John Donnelly

John Francis (Jack) Donnelly

Block 40 Woden District

John Francis (Jack) Donnelly was born at Bywong near Gundaroo, NSW on the 28th June 1885. His parents belonged to the pioneering Donnelly and Massy families who are associated with the Gundaroo and Bungendore districts of NSW.

Donnelly was part of the Light Horse Guard at the Canberra Naming Ceremony in 1913. Donnelly was serving on the staff of Sir William Bridges as Regimental Quartermaster Sergeant when World War 1 began. Along with his younger brother Patrick Donnelly, he embarked for Egypt in October 1914. Donnelly was wounded at Gallipoli in 1915 and in early 1916, transferred to the 2nd Pioneer Battalion on the Western Front.

During the Second Battle of Bullecourt in May 1917, Donnelly commanded several companies in the construction of a communication trench while under intense enemy fire. The trench was a lifeline which enabled the movement of troops and supplies to the front line.

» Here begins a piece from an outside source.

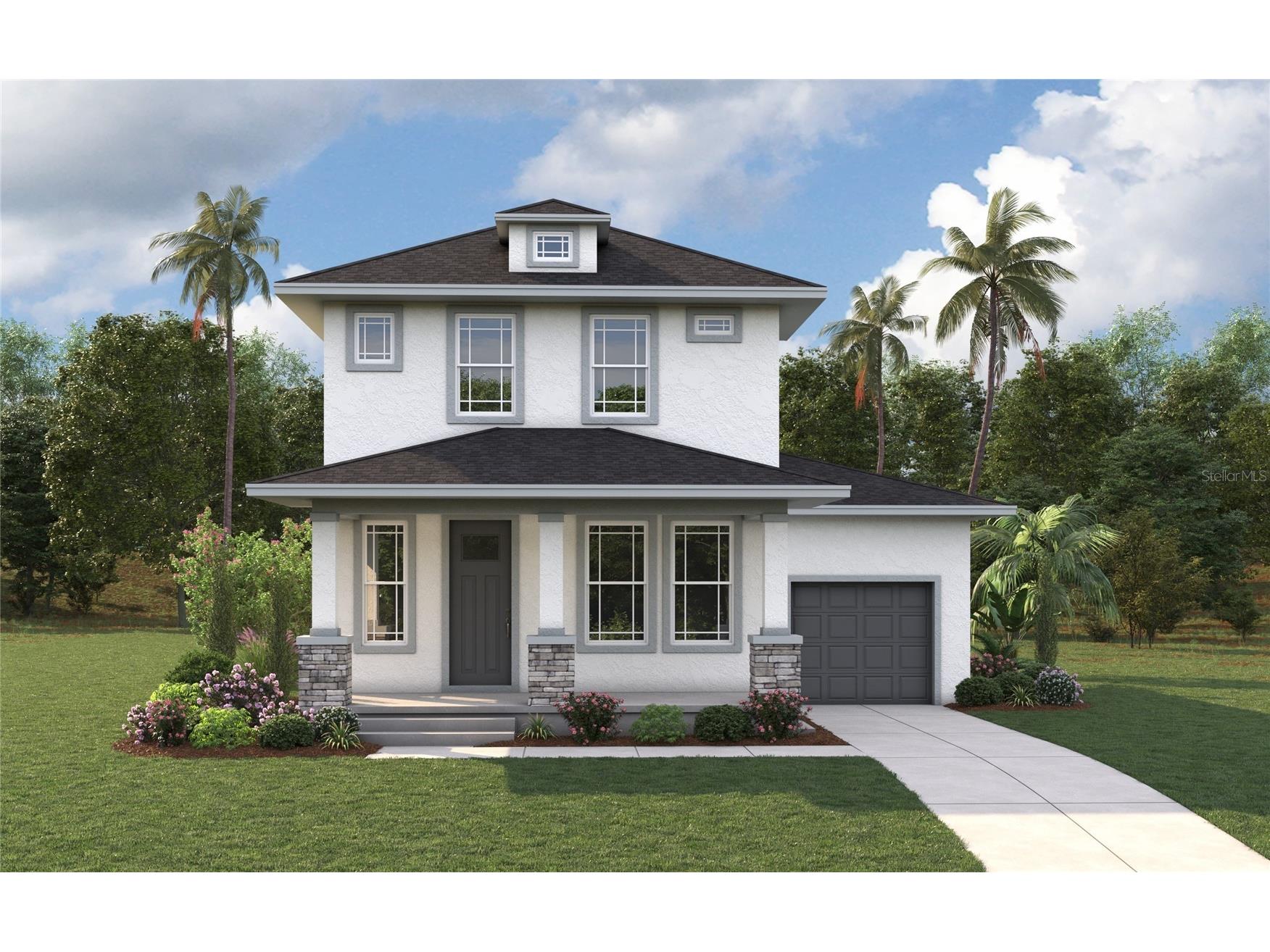 12941 N Oregon Avenue Tampa FL 33612 TB8495911 image1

The achievement was regarded by war historian Charles Bean as the finest work in the war by the 'Pioneers'. For his efforts, Donnelly was awarded the Distinguished Service Order. He finished the war as Commanding Officer of the 1st Pioneer Battalion.

Jack Donnelly in uniform

John Francis Donnelly in uniform. Photo courtesy of Cathy Dwyer.

Jack Donnelly returned to Bungendore after the war and became an auctioneer while grazing became a sideline. In October 1920, he applied for a Soldier Settlement block in the Federal Capital Territory (FCT). He was allocated his second preference, the 772 acre (312 hectares) Woden Block 40 at an annual rental of £180/2/8. Although he had £800 in cash, Donnelly successfully applied for a repatriation loan to buy stock but repaid it shortly after. In 1922, about 110 acres (44 hectares) fronting the Cotter Road were resumed for a camp for sewerage workers. Donnelly, who did not live on the block, soon complained because the workers were leaving gates open which allowed his stock to stray.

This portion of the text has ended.